*** Entries provided ***

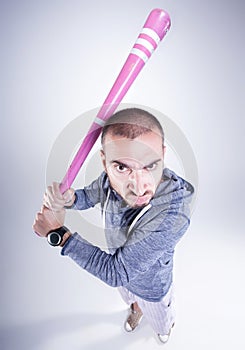 Funny hooligan with a pink baseball bat looking angry in the studio photo
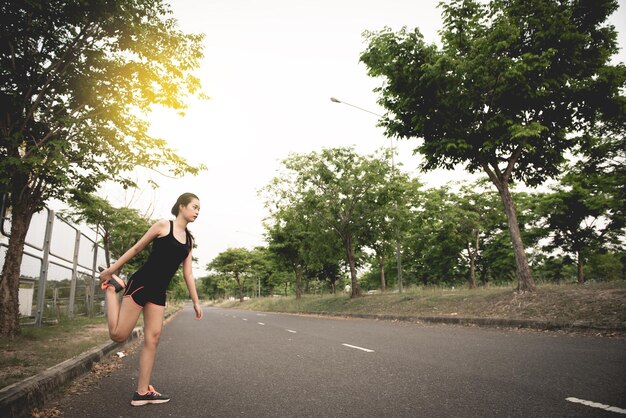 Soporte de mujer delgada asiática para estirar piernas Concepto de chica deportiva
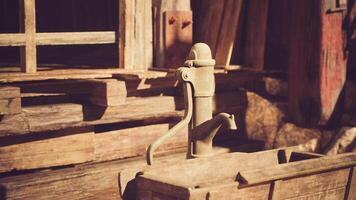 Old fashioned water pump in a rustic wooden setting during bright daylight video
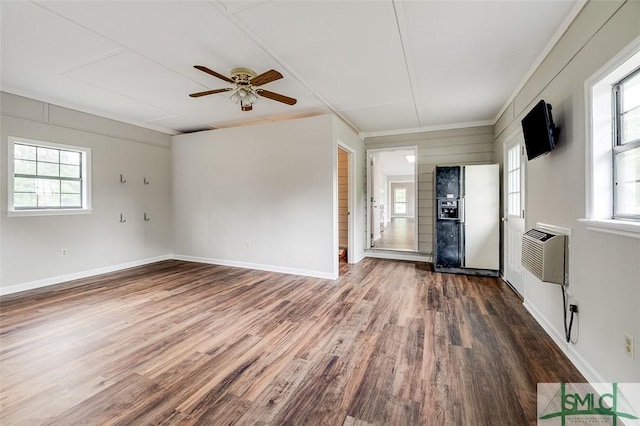 interior space featuring ceiling fan, a wall unit AC, wood finished floors, and plenty of natural light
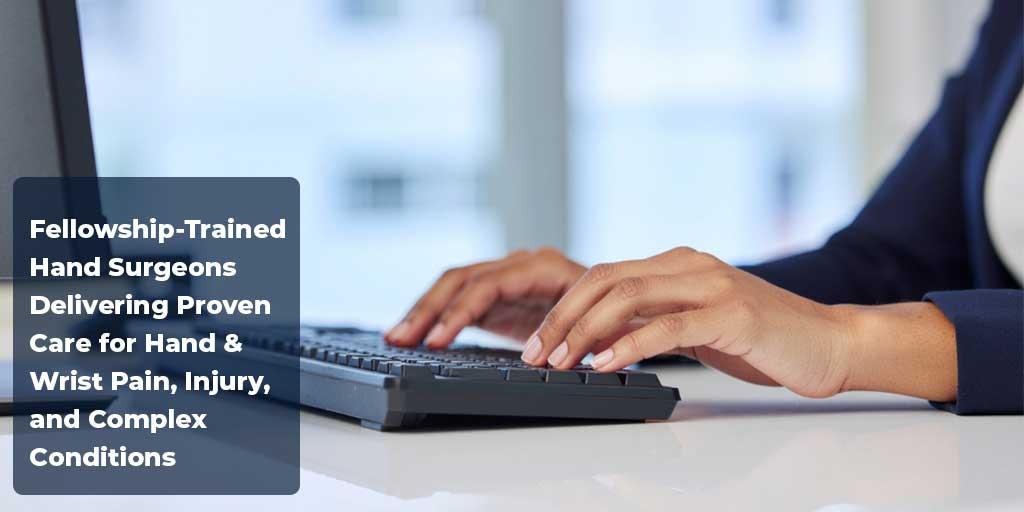 Close‑up of hands typing on a keyboard at a desk, with text promoting fellowship‑trained hand and wrist surgeons at Tidewater Orthopaedics.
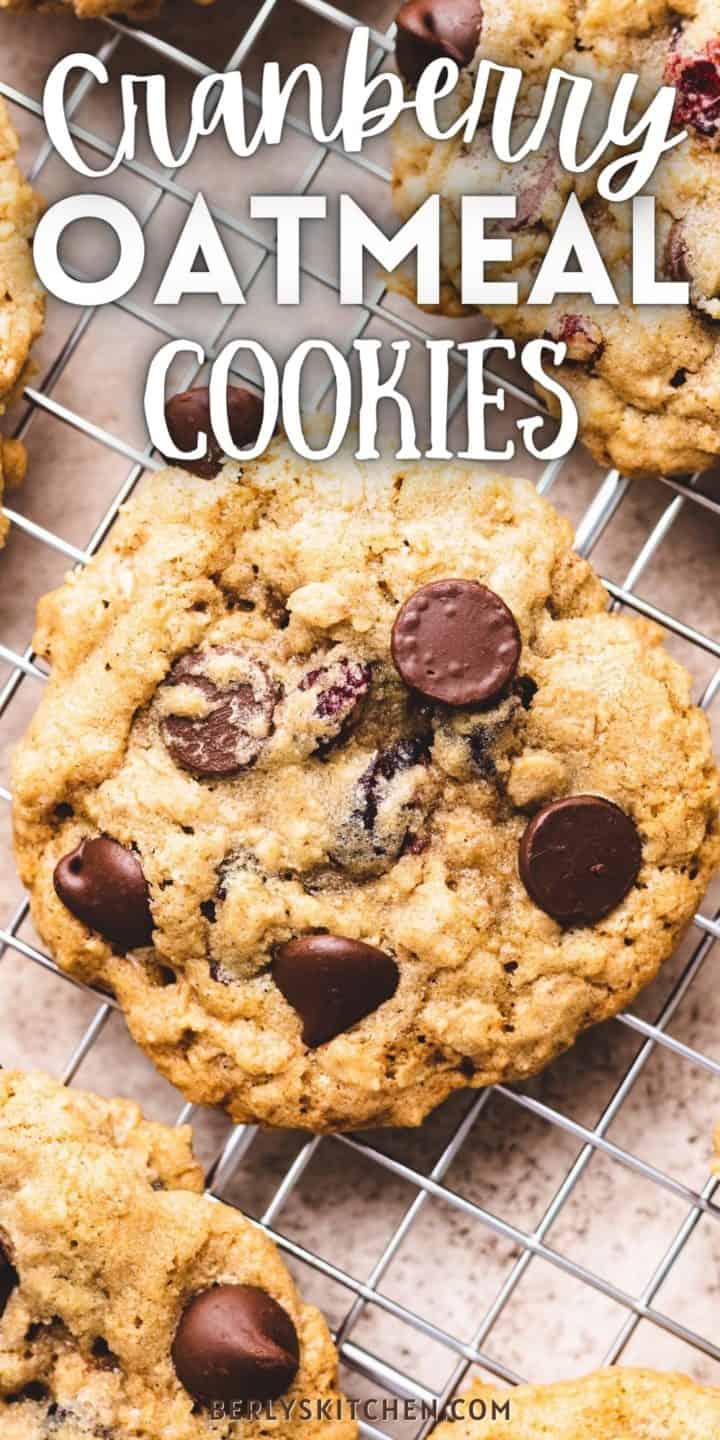 Top down view of cranberry oatmeal cookies on a wire rack.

*** End of Entries provided ***

__Aim of the task__. Repeat exactly the lines above, starting at the one that contains "Old fashioned water" and stopping at the last line of the entries, and leave out the pictures.

__Finished task__.
 Old fashioned water pump in a rustic wooden setting during bright daylight video
 interior space featuring ceiling fan, a wall unit AC, wood finished floors, and plenty of natural light
 Close‑up of hands typing on a keyboard at a desk, with text promoting fellowship‑trained hand and wrist surgeons at Tidewater Orthopaedics.
 Top down view of cranberry oatmeal cookies on a wire rack.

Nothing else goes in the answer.